I have a weird plan. I bought a relic called The Cartographer’s Table, and it lets me change terrain on the map. For example, making plains into a river.

I’m hoping to make the terrain around Pandemonium unpassable.

I’m not 100% sure I can do this, or what it will cost me. Also, no terrain is technically “impassable” in the game, but many terrain types require flight to bypass them, or a particular movement skill for a legion. These are rare, so it’s going to be much harder for them to take Pandemonium.

At least I hope.

The Prestige

I have a commanding prestige lead, so I think getting eliminated or someone else taking Pandemonium should be my concern. I’m not trying to win more prestige than what I’m already generating each turn. Everything is about hindering others.

I’m going to have to fortify my stronghold better eventually as well, so I’ll probably invest in some legions.

Turn 33 – The War with Black Coffee

I had a chance to take out Black Coffee, who seemed nonchalant about allowing me to open two vendettas against him.

Or rather, I had a chance to take all of his remaining Cantons, which would have allowed us to go for his stronghold.

I knew he had a lot higher Martial skill, allowing him to make really powerful combat cards. I thought myself clever in playing an event that blocked the use of combat cards for 3-6 rounds, and immediately attacked his legions after doing so. I had him beat on stats minus the cards, so I couldn’t lose…right?

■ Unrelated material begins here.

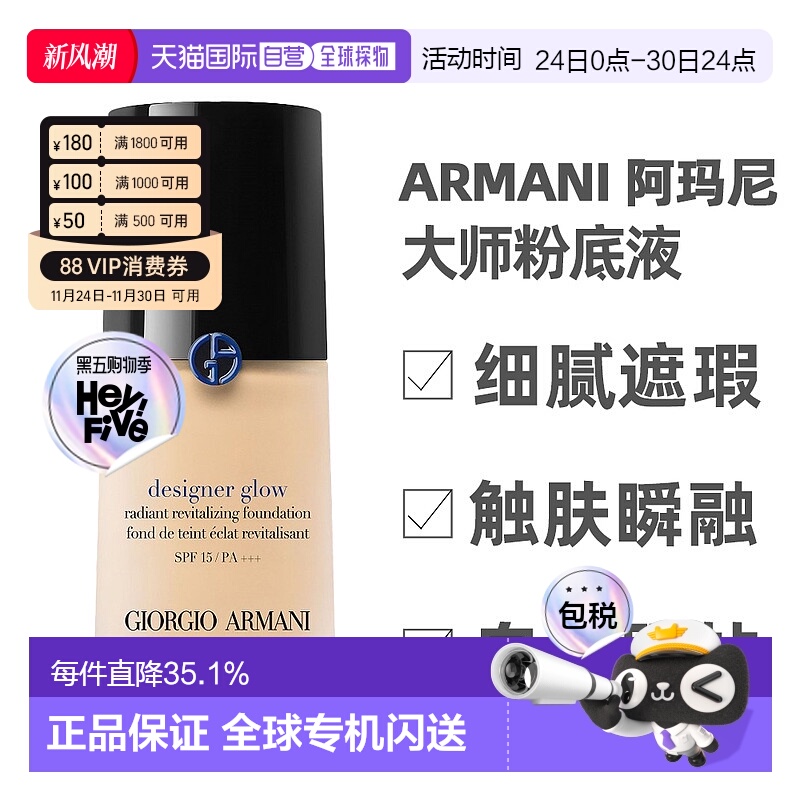 香港直邮Armani 阿玛尼 大师粉底液 30ml spf15新款正品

Of course not. He took the turn in which I played the event to cast a ritual on one of his legions that turned it into a fearsome “juggernaut.” My legions crashed against its banks like so many weak-willed waves, dying instantly.

I actually managed to win that vendetta by taking out some legions with Destruction rituals, but it was a hollow victory.

But now we know he has Martial 6, and access to the Juggernaut ritual. He is still laying in wait, but it’s pretty clear that he has us lapped in power. We’re going to have to get creative to prevent him from taking over.

Turns 35-40

Spent licking my wounds after the battles with Black Coffee. I’m trying to build up resources again to be able to “Hell Sculpt” (per my earlier idea) and reinforce my stronghold.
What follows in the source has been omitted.